Le principe de 1789, c’est le mauvais capitaine qui conduit aux désastres. Nous voyons aujourd’hui qu’il est responsable de toutes les défaites et de tous les deuils français. La nation qui accueillit jadis avec un enthousiasme insensé ces idées de mort et de ruine en a souffert trop de maux pour pouvoir les aimer encore et les regretter jamais.

Bismarck et la France
D’APRÈS
LES MÉMOIRES DU PRINCE DE HOHENLOHE

I
LES SUITES D’UNE MÉDIATISATION DE 1806.

La publication des Mémoires du prince Clovis de Hohenlohe-Schillingsfürst[1] fera date dans l’histoire de l’Allemagne contemporaine, moins peut-être encore par les choses que ce livre a dévoilées que par le mouvement d’opinion dont il aura été l’origine. Les souvenirs d’outre-tombe du prince de Hohenlohe ont donné un mauvais exemple à une aristocratie que ses maîtres ont pourtant disciplinée, dans les bureaux comme aux armées, aussi sévèrement que Louis XIV avait dressé la sienne au service de la cour. Derrière les indiscrétions de l’ancien chancelier, qui n’épargnent ni les souverains ni les héros de l’Empire, qui ne ménagent pas même les secrets d’État, un vent de fronde s’est levé à Berlin.
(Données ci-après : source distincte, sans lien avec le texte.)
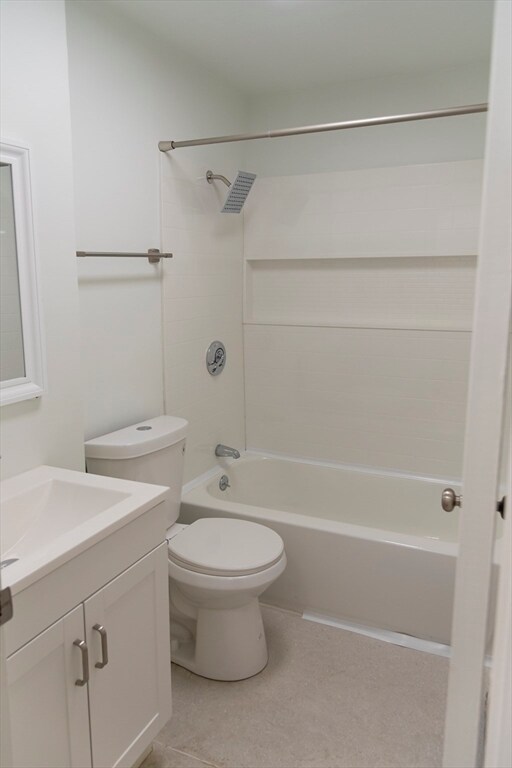 Building Photo - 144 Salem St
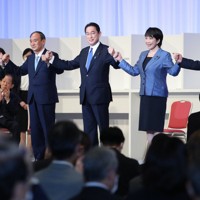 自民党総裁選を終え、壇上でたたえ合う（左から）野田聖子氏、菅義偉首相（当時）、岸田文雄氏、高市早苗氏、河野太郎氏＝東京都港区で2021年9月29日午後3時26分、梅村直承撮影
Un esprit d’impatience et de sédition, qui n’a rien de commun avec la mauvaise humeur des libéraux et des démocrates, a soufflé sur le monde des plus grands et des moindres seigneurs de l’Allemagne nouvelle. On se rappelle les incidents divers qui ont suivi la publication de ces Mémoires : l’émotion à Saint-Pétersbourg et à Vienne, la colère impériale, la disgrâce du prince Alexandre de Hohenlohe, préfet de Colmar, fils du prince Clovis, et l’agitation de la faction bismarckienne, encore vivante et qui n’a pas désarmé. Toutes ces circonstances, tous ces mouvements, toutes ces intrigues de chancelleries et de cours, sont significatifs comme les indiscrétions de l’ancien ministre elles-mêmes : elles accusent le malaise allemand, les difficultés auxquelles doit presque quotidiennement faire face un pouvoir cependant fort, mais dont les origines sont trop récentes pour qu’il ne se trouve pas de temps en temps aux prises avec les complications du passé. Les Mémoires du prince de Hohenlohe ont un caractère d’indépendance et de vengeance posthume. C’est un souvenir de la vieille anarchie allemande, du particularisme et de la féodalité. Et rien n’est aussi propre à éveiller l’inquiétude des nouveaux empereurs d’Allemagne que ces souvenirs-là.

[1] Denkwürdigkeiten des Prinzen Chlodwig zu Hohenlohe-Schillingsfürst, im Auftrage des Prinzen Alexander zu Hohenlohe-Schillingsfürst herausgegeben von Friedrich Curtius ; Deutsche Verlags-Anstalt, Stuttgart, 1907.